Action item:
Pictures must not appear in the copy. Restate exactly the lines below from the one with "2022 Hyundai Venue Essential Photo" through the one with "Black Senior Sliding Mitt (Used)", inclusive.

Record set:
--*--
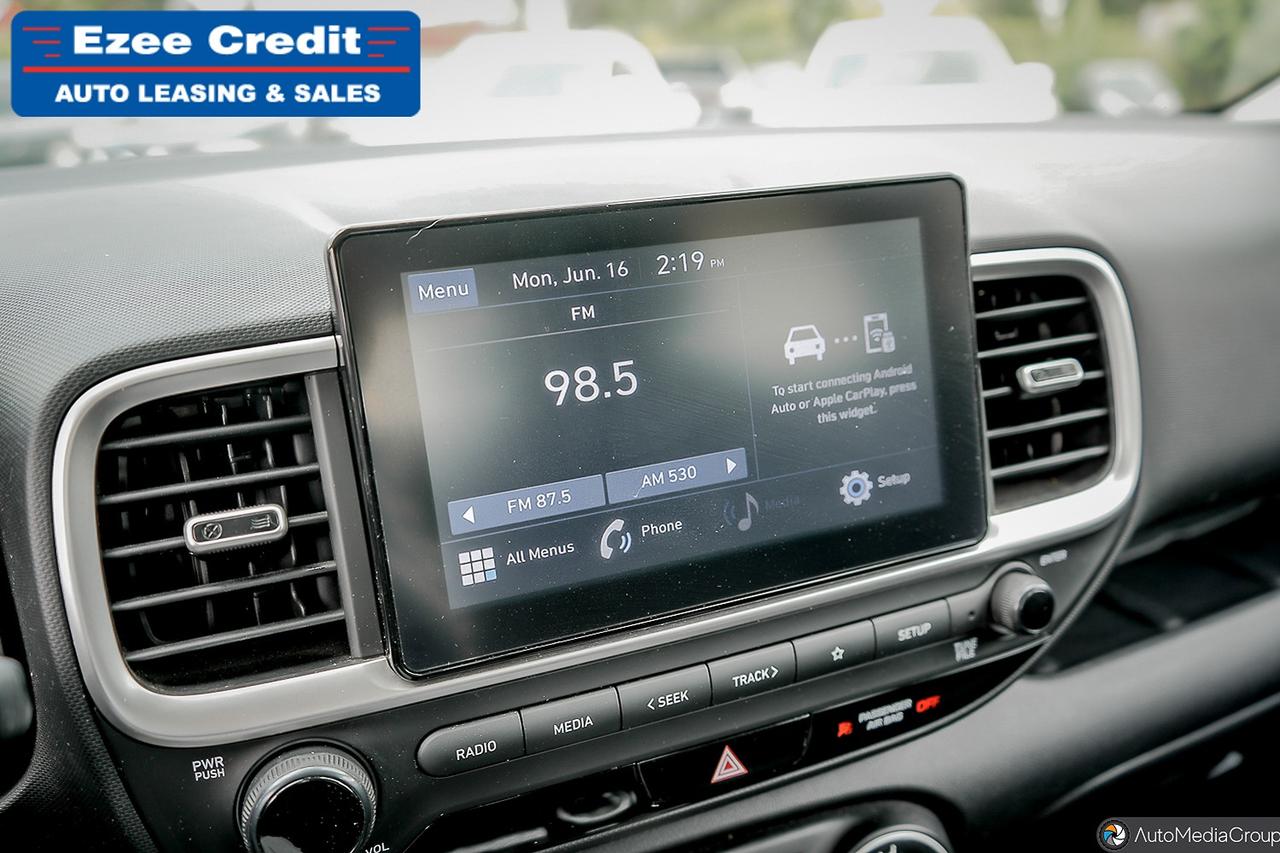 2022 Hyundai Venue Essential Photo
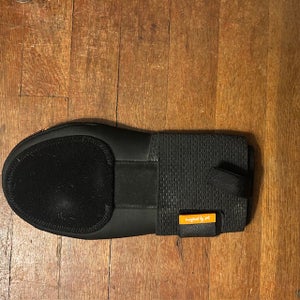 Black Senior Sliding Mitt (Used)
--*--
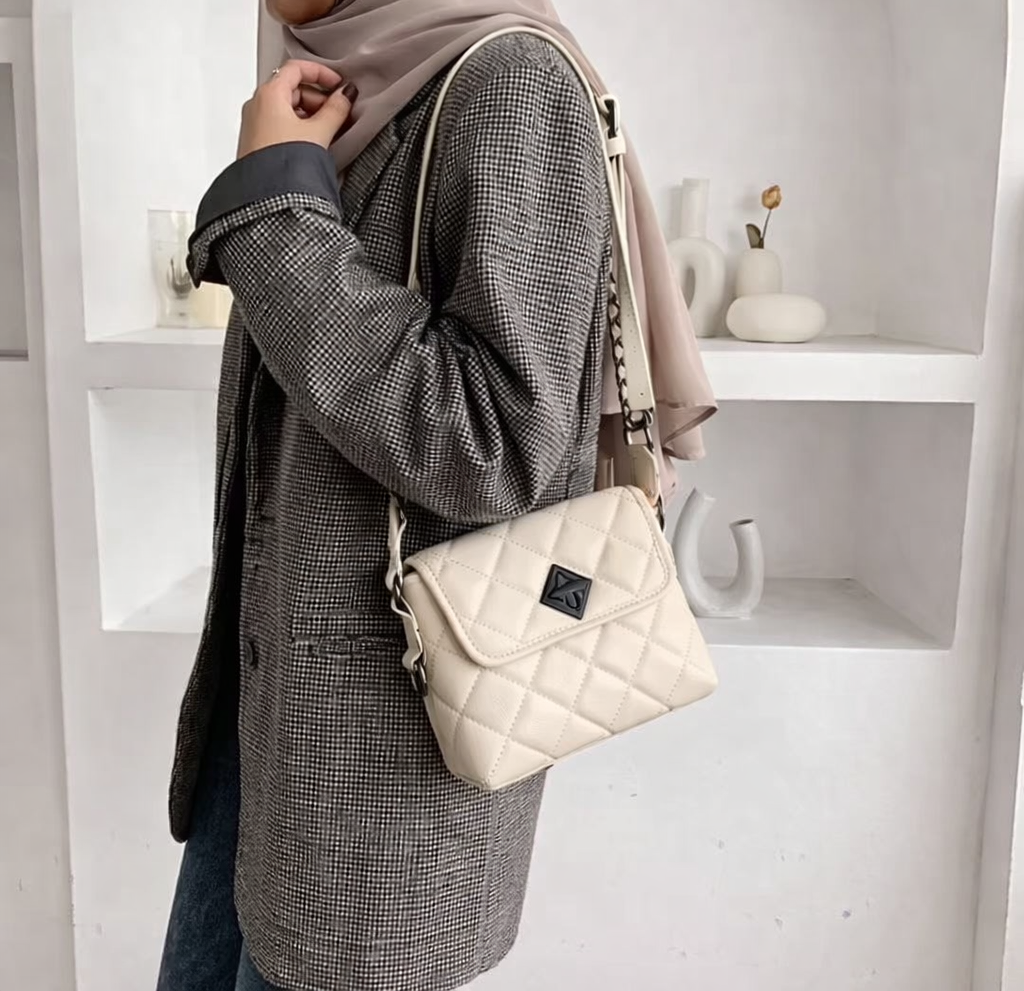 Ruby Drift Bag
--*--
Answer box:
 2022 Hyundai Venue Essential Photo
 Black Senior Sliding Mitt (Used)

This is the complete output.